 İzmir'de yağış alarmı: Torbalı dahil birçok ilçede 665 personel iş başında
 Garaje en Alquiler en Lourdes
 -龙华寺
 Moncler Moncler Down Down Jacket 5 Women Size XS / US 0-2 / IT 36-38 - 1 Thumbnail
**********
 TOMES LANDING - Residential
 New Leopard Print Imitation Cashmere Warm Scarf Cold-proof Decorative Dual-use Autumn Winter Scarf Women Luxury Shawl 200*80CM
**********
→ **WORK ORDER**: Please reproduce exactly the lines in the listing above from the one containing "İzmir'de yağış alarmı: Torbalı" through the one containing "Moncler Moncler Down", both included, and nothing more.

→ **YOUR SOLUTION**:
 İzmir'de yağış alarmı: Torbalı dahil birçok ilçede 665 personel iş başında
 Garaje en Alquiler en Lourdes
 -龙华寺
 Moncler Moncler Down Down Jacket 5 Women Size XS / US 0-2 / IT 36-38 - 1 Thumbnail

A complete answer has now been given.